Anyone bought through them. I have an appt tomorrow for a 2016 Prius V. I'm about $2000 short so I had to finance the minimum amount of $4000. I was approved through Capital One but I am nervous because I heard they won't finance Uber drivers. I uploaded my tax summary and other 1099x (Amazon/Postmates). Anyone else used Shift or had experience trying to finance through Capital One?


----------



## Risab1981 (Jul 21, 2016)

Little more info? What is it?


----------



## SamuelB (Aug 29, 2018)

Risab1981 said:


> Little more info? What is it?


It's a website that private parties list their cars with. They take care of everything including bringing the car to you for test drive. They have financing they work with. Sounds pretty smooth as long as Cap One doesn't create a headache.
Check them out.


----------



## Jefferson DDBY (Jul 27, 2018)

As long as you don’t put Uber driver as your occupation you’re good. I had friend financed with Capital One. 80% of his income comes from rideshare. The dealer told him to put “independent contractor” in the occupation. Even tough his bank statements and taxes showed Riser/Lyft he got approved.
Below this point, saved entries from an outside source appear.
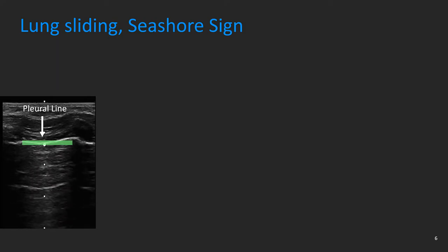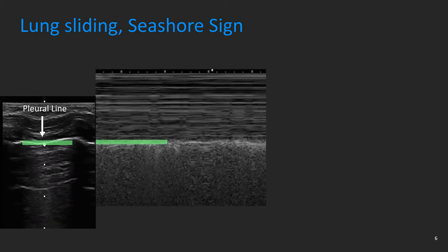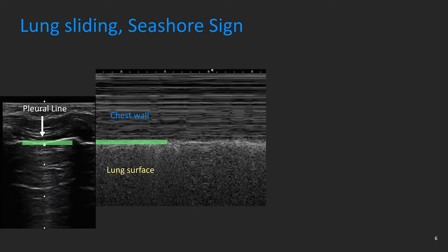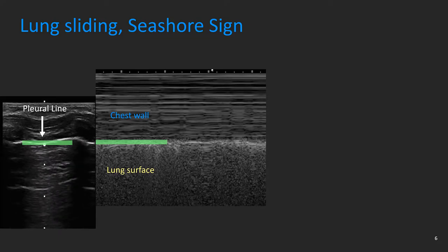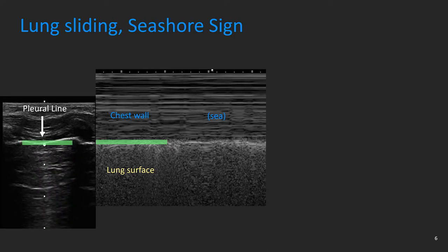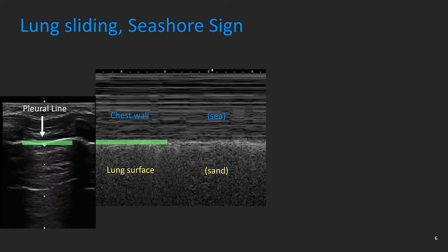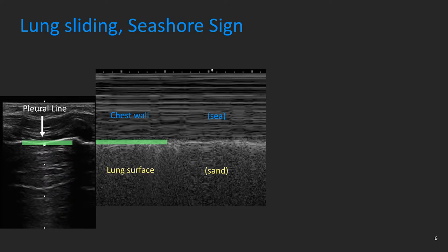Starting with a 2D image of the pleural line, we place the M-mode vector line across and perpendicular to the pleural line, so that it displays the chest wall above the pleural line and the lung surface below. M-mode imaging of a healthy lung in a patient breathing normally is represented by lung sliding or the seashore sign, in which the static chest wall shows a pattern of multiple horizontally straight lines, and the lung surface shows a granular image appearance — the sand on the beach — as a consequence of artifacts generated by the dynamic movement of the sliding lung surface.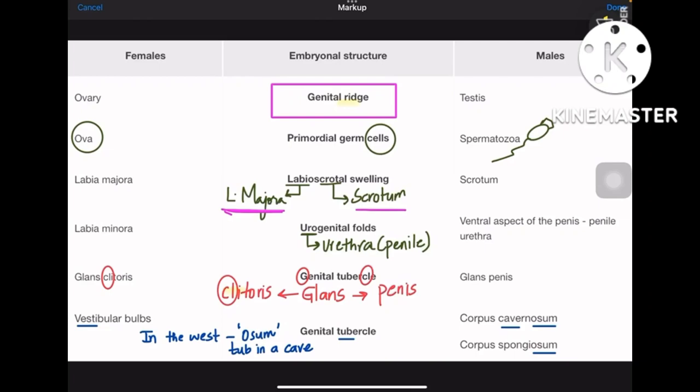Hey guys, let us learn about embryological structures and the female and male counterparts developed from these structures. There are two tables that summarize these structures, and I have got a few mnemonics for you to remember.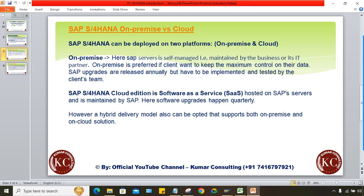Whatever SAP-related problems arise, they will hire services from companies like Wipro, Infosys, or IBM, because these companies have big teams of SAP consultants. For example, if Tata Motors takes support from IBM, IBM is treated as their IT partner. IBM will form a dedicated team to support Tata Motors — that is called an IT partner.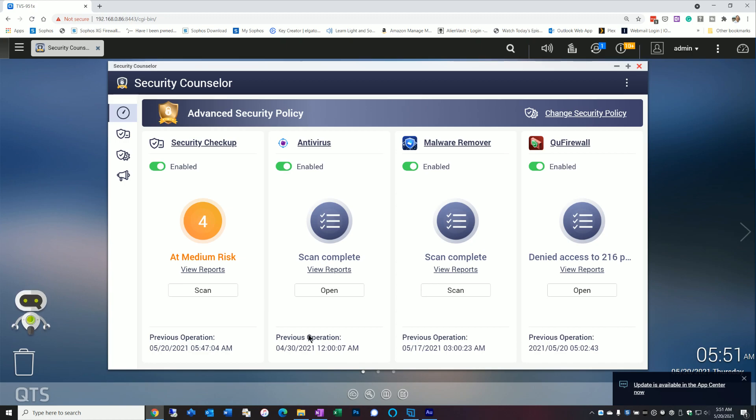So overall, I think that's it for this video. It's just a quick overview of the Security Counselor. Again, if you don't have it installed, I highly recommend you do so. I hope you found this video useful. And, of course, if you haven't subscribed, please do so. And click that notifications icon so you'll be notified of any new content. Thanks for watching, and I'll see you on the next video.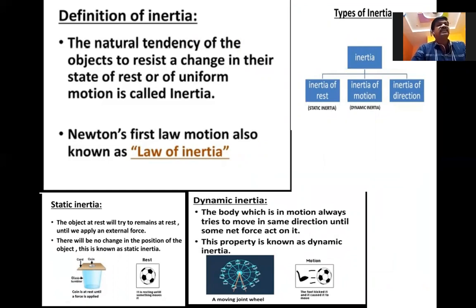The natural tendency of an object to resist a change in its state of rest or uniform motion is called inertia. Newton's first law is also known as the law of inertia. Inertia depends upon the mass of the object. There are three types of inertia: one is inertia of rest, known as static inertia; second is inertia of motion, known as dynamic inertia; and third is inertia of direction.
If it comes up you can always say you have another car for rideshare, and you are buying this car for your personal vehicle.


----------



## SamuelB (Aug 29, 2018)

Jefferson DDBY said:


> As long as you don't put Uber driver as your occupation you're good. I had friend financed with Capital One. 80% of his income comes from rideshare. The dealer told him to put "independent contractor" in the occupation. Even tough his bank statements and taxes showed Riser/Lyft he got approved.
> 
> If it comes up you can always say you have another car for rideshare, and you are buying this car for your personal vehicle.


Too late. Was initially approved by Cap One but then they saw all my income was from driving. Was approved by another company at a higher rate. Doesn't matter. I only needed $2000 but their minimum was $4000. I will pay it off in a couple months.


----------



## Juggalo9er (Dec 7, 2017)

Please check other sites like carvana, credit unions, an things like that for the best rate you can get


----------



## NOXDriver (Aug 12, 2018)

When Uber has a 94% quit rate why is ANYONE surprised a bank won't loan you money if you say you Uber???

Man if I could bottle and sell Common Sense I would be a ka-jillion-aire.


----------



## SamuelB (Aug 29, 2018)

NOXDriver said:


> When Uber has a 94% quit rate why is ANYONE surprised a bank won't loan you money if you say you Uber???
> 
> Man if I could bottle and sell Common Sense I would be a ka-jillion-aire.


Wasn't surprised, in fact, expected. Common sense intact.


----------